● PROBLEM TO SOLVE: Each line of the records that follow must come back exactly, with pictures skipped.

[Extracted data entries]
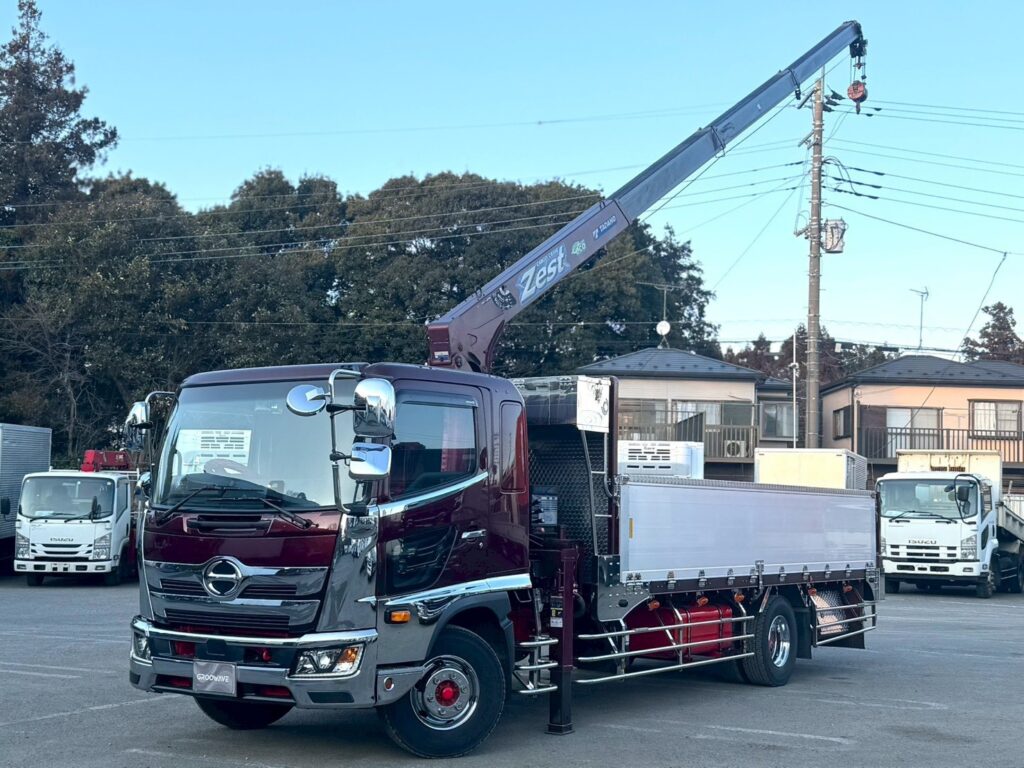 車輛写真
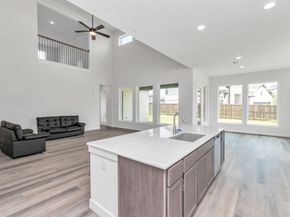 21118 Chelton Beach Drive, Cypress TX 77433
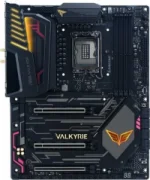 Материнская плата BIOSTAR Z690A VALKYRIE отзывы владельцев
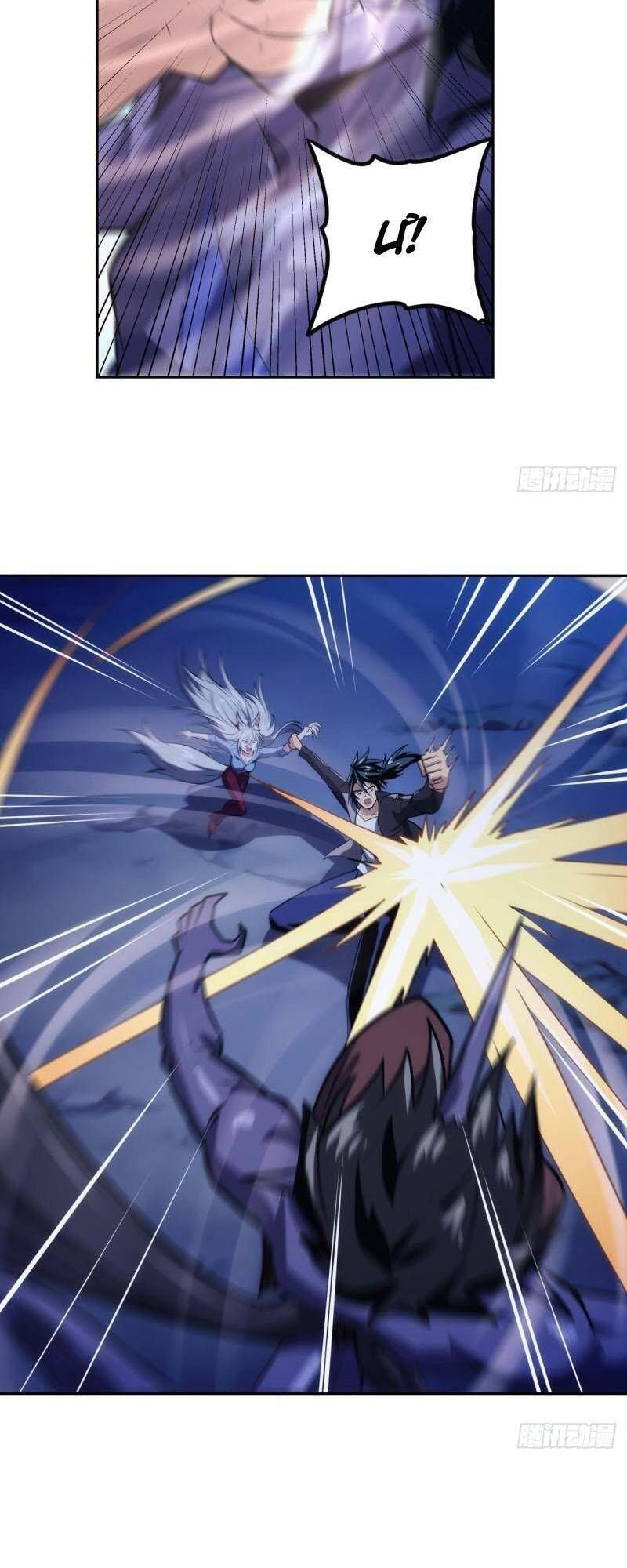 đọc truyện Anh Hùng ? Ta Không Làm Lâu Rồi Chương 426 ảnh 16 tại Thiên Thai Truyện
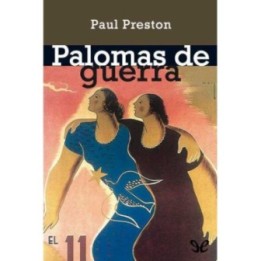 Palomas de guerra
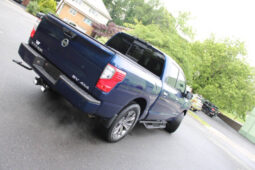 
										2018 Nissan Titan SV 4×4 SV 4dr Crew Cab full									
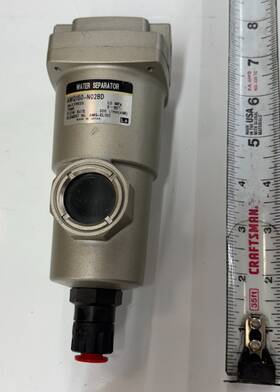 Smc Amg150-n02bd Water Separator Free Shipping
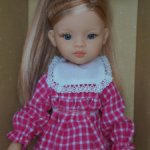 Кассандра#1 Paola Reina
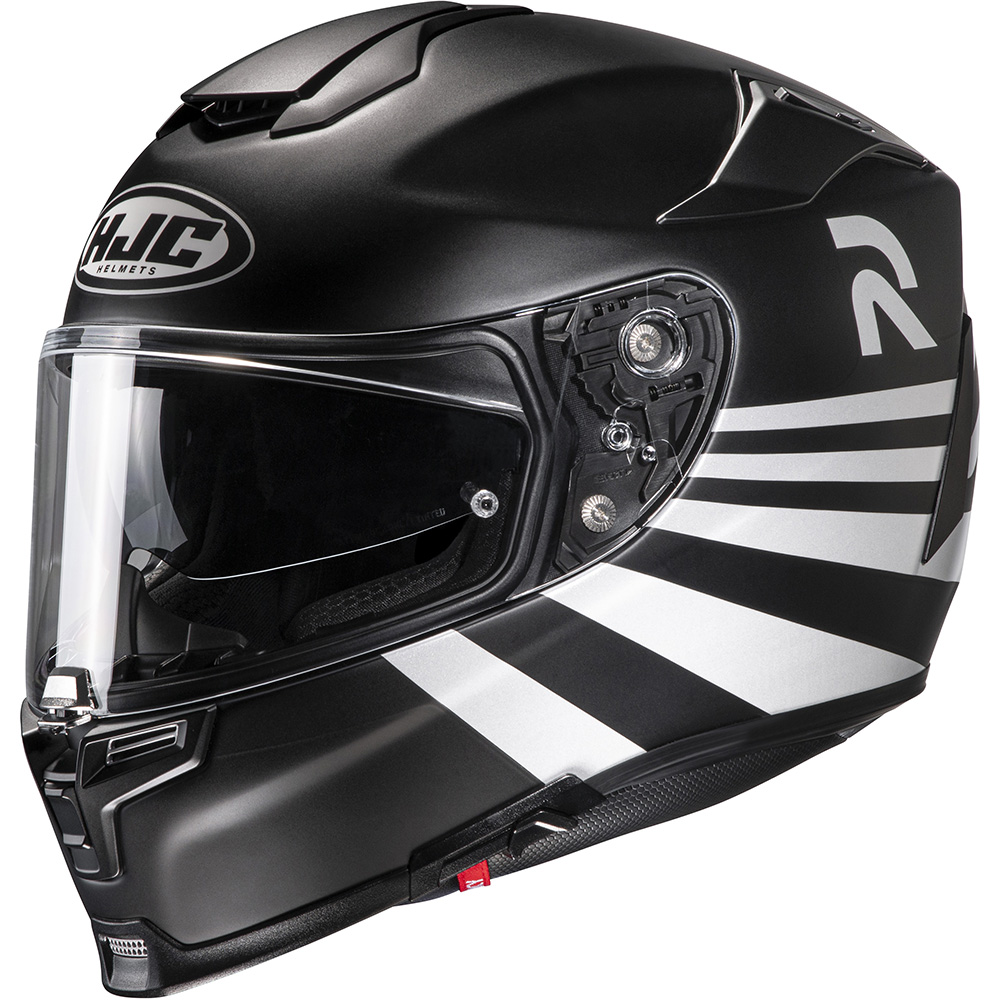 Casque RPHA 70 Stipe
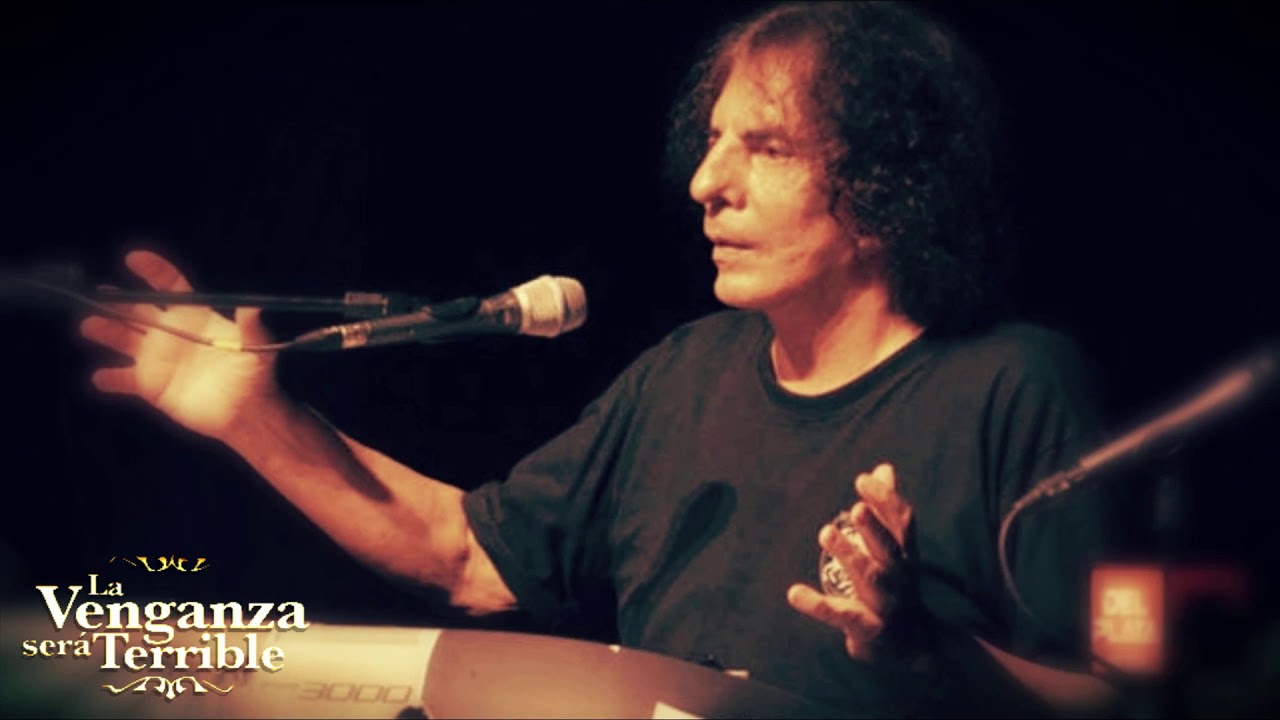 La Leyenda del Preste Juan (Alejandro Dolina) 27/02/2014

● OUTPUT OF THE TASK:
 車輛写真
 21118 Chelton Beach Drive, Cypress TX 77433
 Материнская плата BIOSTAR Z690A VALKYRIE отзывы владельцев
 đọc truyện Anh Hùng ? Ta Không Làm Lâu Rồi Chương 426 ảnh 16 tại Thiên Thai Truyện
 Palomas de guerra
										2018 Nissan Titan SV 4×4 SV 4dr Crew Cab full									
 Smc Amg150-n02bd Water Separator Free Shipping
 Кассандра#1 Paola Reina
 Casque RPHA 70 Stipe
 La Leyenda del Preste Juan (Alejandro Dolina) 27/02/2014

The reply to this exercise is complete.